Information supplied:
--- --- ---

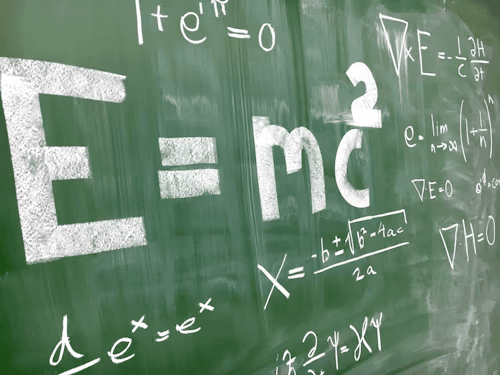 Physics formulas on a chalkboard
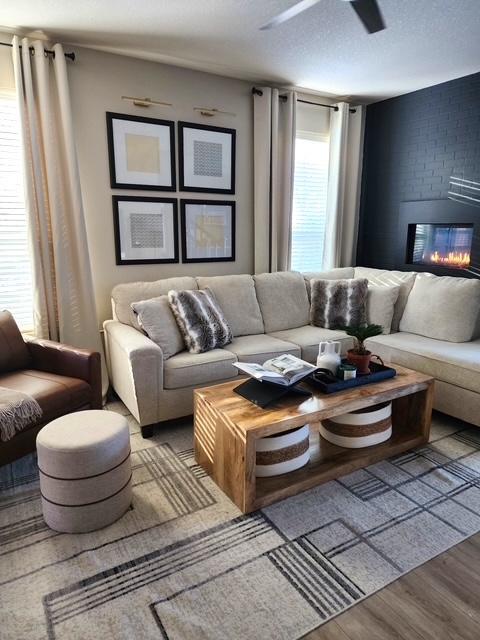 right, open, and anchored by a show-stopping black brick fireplace, this living room strikes the perfect balance between bold and inviting.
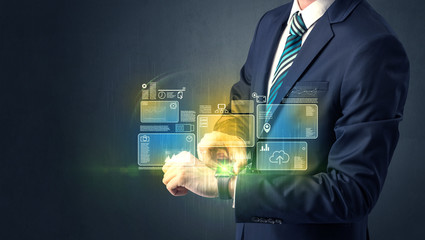 Businessman wearing smartwatch with data symbols and concept. 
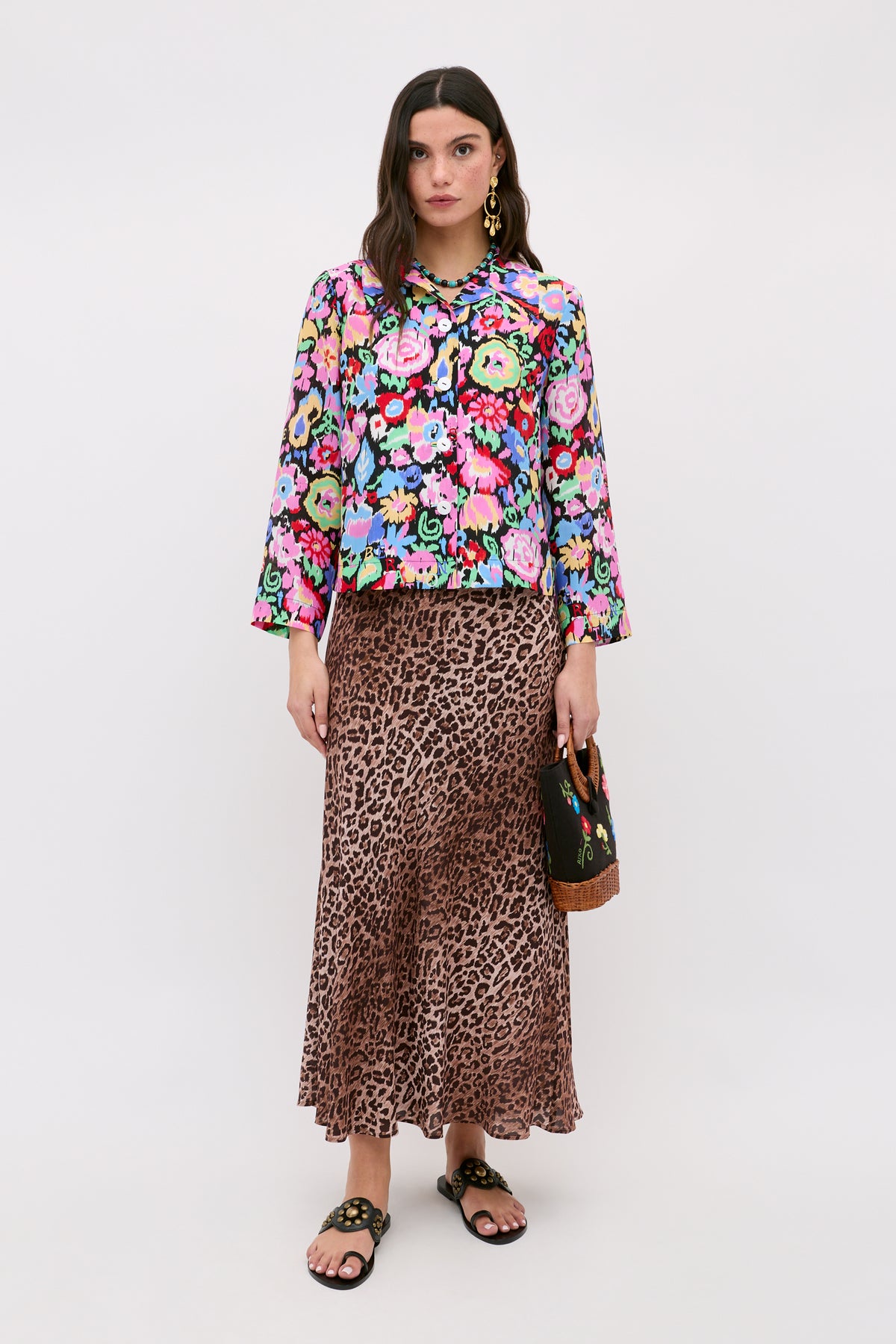 A woman with long dark hair and a neutral expression stands against a plain background wearing the Ginette - Ikat Bloom Charcoal floral long-sleeve top, a leopard print midi skirt, black sandals, and holding a small handbag.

--- --- ---

Exercise aim:
Transcribe the lines above exactly, setting aside any picture among them.

Answer to this problem:
 Physics formulas on a chalkboard
 right, open, and anchored by a show-stopping black brick fireplace, this living room strikes the perfect balance between bold and inviting.
 Businessman wearing smartwatch with data symbols and concept. 
 A woman with long dark hair and a neutral expression stands against a plain background wearing the Ginette - Ikat Bloom Charcoal floral long-sleeve top, a leopard print midi skirt, black sandals, and holding a small handbag.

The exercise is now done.